The Square-1 "Example Solve" Game


This is pretty simple, just the same as other "Example Solve" games except with square-1, I don't know how popular this will get because of the stupid notation, but it was worth a try. :) Someone can do the first solve with this scramble. (1, 0) / (0, 3) / (2, -1) / (0, -3) / (6, 0) / (0...




www.speedsolving.com


----------



## Thom S. (Dec 22, 2022)

Reported this thread for already existing.


----------



## StoRCube (Dec 22, 2022)

Thom S. said:


> Reported this thread for already existing.


I clearly didn't notice the thread. My fault


----------



## Filipe Teixeira (Dec 23, 2022)

StoRCube said:


> This thread already exists and I didn't notice. Sorry for my actions.


you're sorried.


----------



## hyn (Dec 23, 2022)

I accept your sorry


----------



## Thom S. (Dec 24, 2022)

I don't. Be forever cursed with a small cloud over your head that has emotions on its own.


----------



## hyn (Dec 24, 2022)

Thom S. said:


> I don't. Be forever cursed with a small cloud over your head that has emotions on its own.

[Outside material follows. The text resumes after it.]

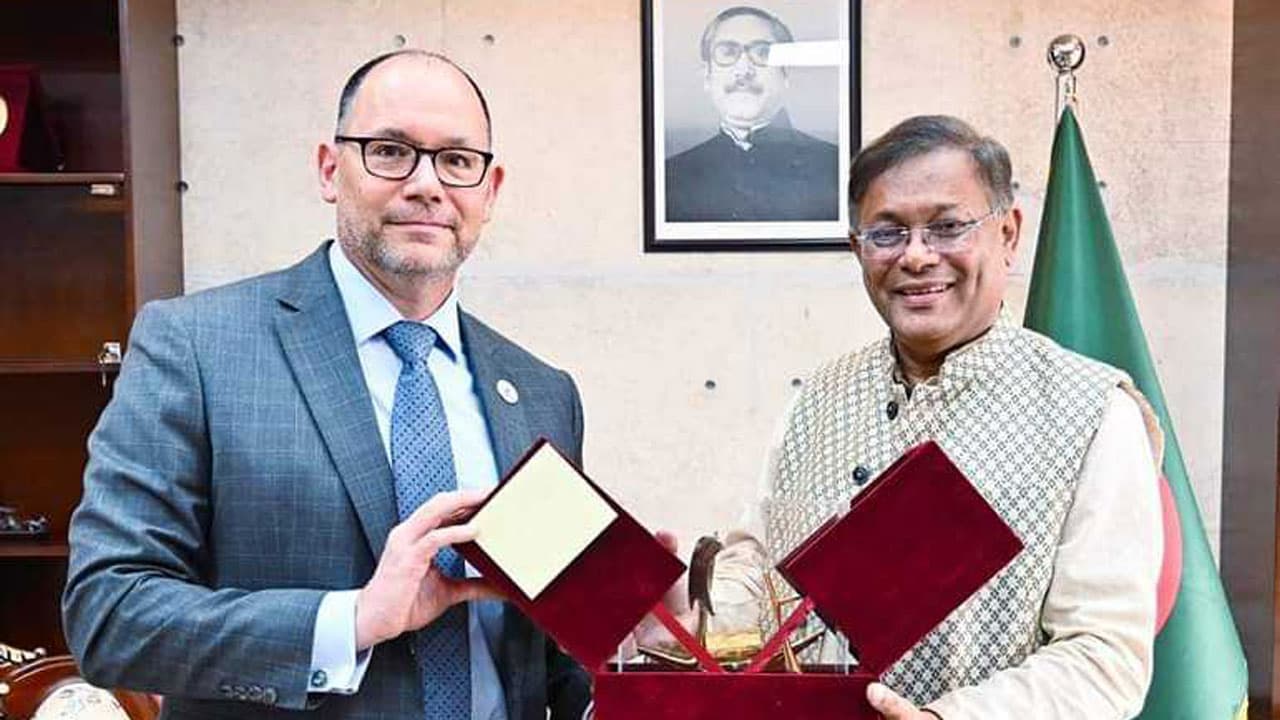 সম্পর্ক এগিয়ে নেওয়ার বার্তা আমারিকার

Life is too short for grudges, my friend


----------



## Thom S. (Dec 24, 2022)

hyn said:


> Life is too short


I'd call it too long.


----------



## Jorian Meeuse (Dec 24, 2022)

Thom S. said:


> I'd call it too long.


No bro it's only 4 letters


----------



## Thom S. (Dec 24, 2022)

Jorian Meeuse said:


> No bro it's only 4 letters


Hmmm.. living is 6 letters and I don't have enough trust that it won't even get longer.


----------



## hyn (Dec 24, 2022)

Forum rules:


> *2. Stay on Topic*
> Before posting a new thread, make sure that you are posting in the correct sub-forum – check the descriptions. Within a thread, do not derail the thread off-topic.


guys we have broken the forum rules and now must be immediately prosecuted


----------